* **Provided data**:
----------

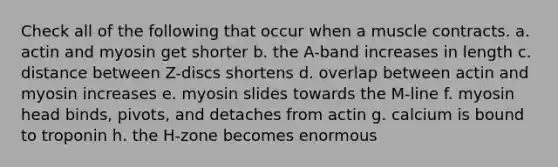 Check all of the following that occur when a muscle contracts. a. actin and myosin get shorter b. the A-band increases in length c. distance between Z-discs shortens d. overlap between actin and myosin increases e. myosin slides towards the M-line f. myosin head binds, pivots, and detaches from actin g. calcium is bound to troponin h. the H-zone becomes enormous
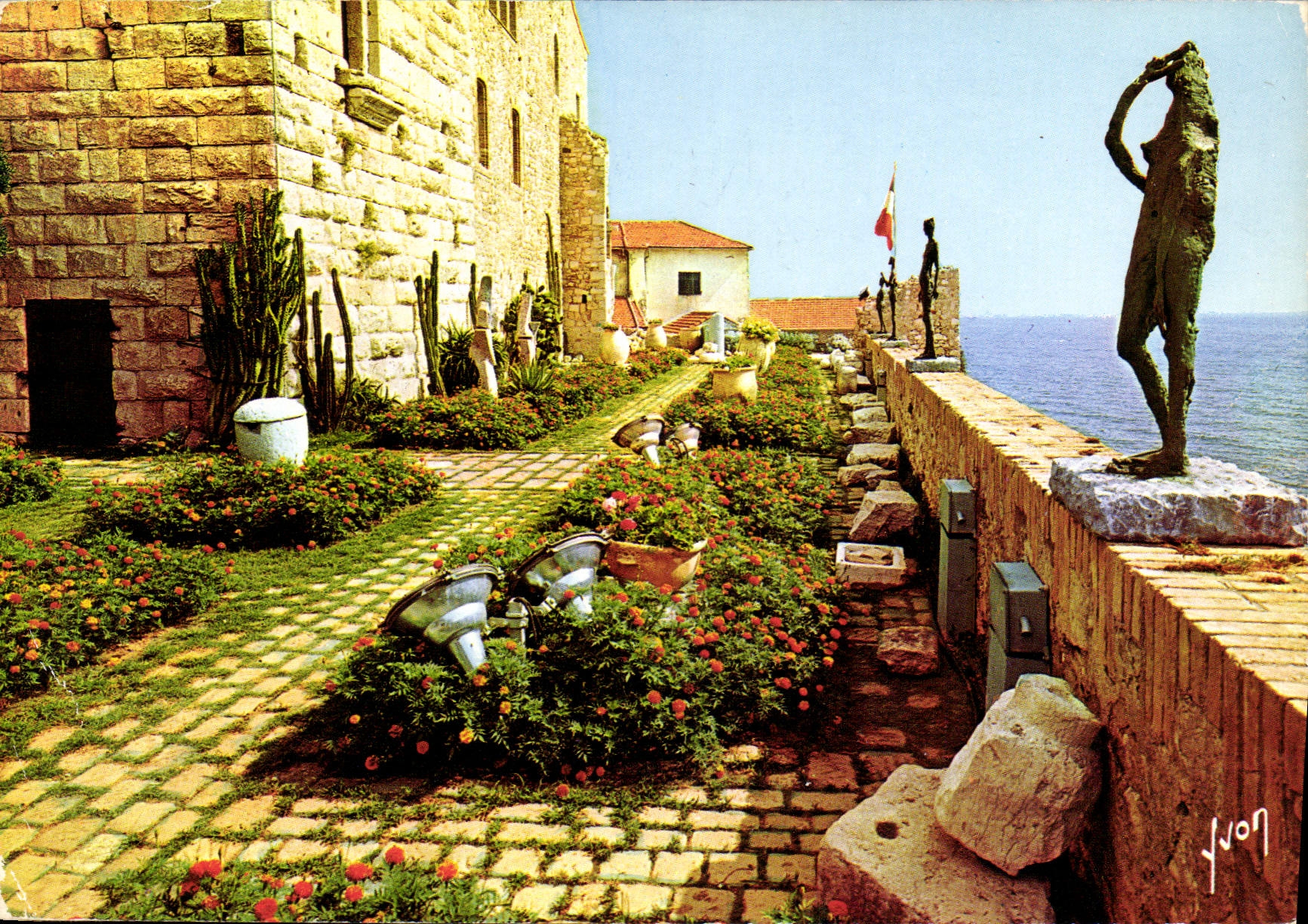 CPM Couleurs et Lumiere de France La Cote d'Azur Miracle de la Nature Antibes Alpes Martimes Le Chat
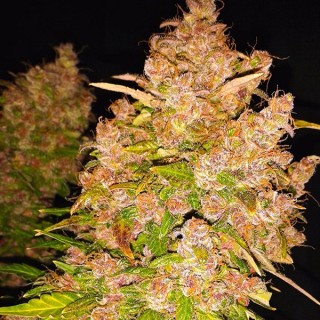 Auto Blackberry Kush 7 u. fem. Dutch Passion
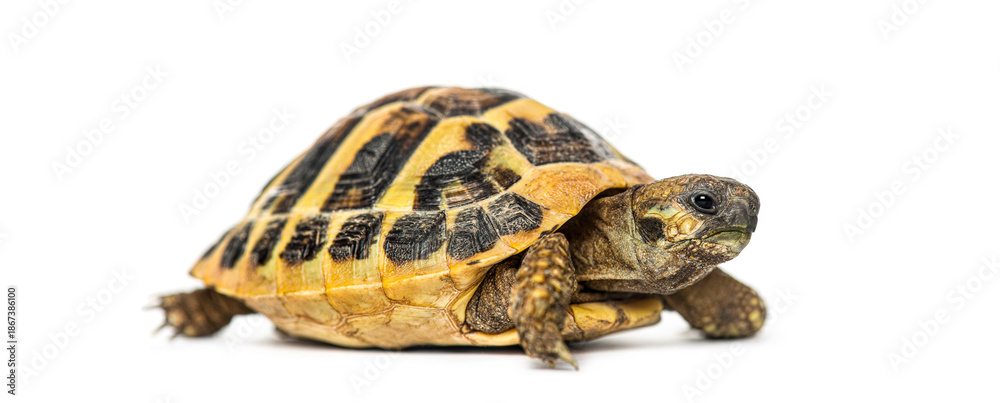 Obraz premium Tortoise walking on white background looking forward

----------

Nothing should appear in the answer except the lines from the one containing "Auto Blackberry Kush 7 u. fem. Dutch Passion" through the last line of the listing, given again exactly and with no pictures.

 Auto Blackberry Kush 7 u. fem. Dutch Passion
 Obraz premium Tortoise walking on white background looking forward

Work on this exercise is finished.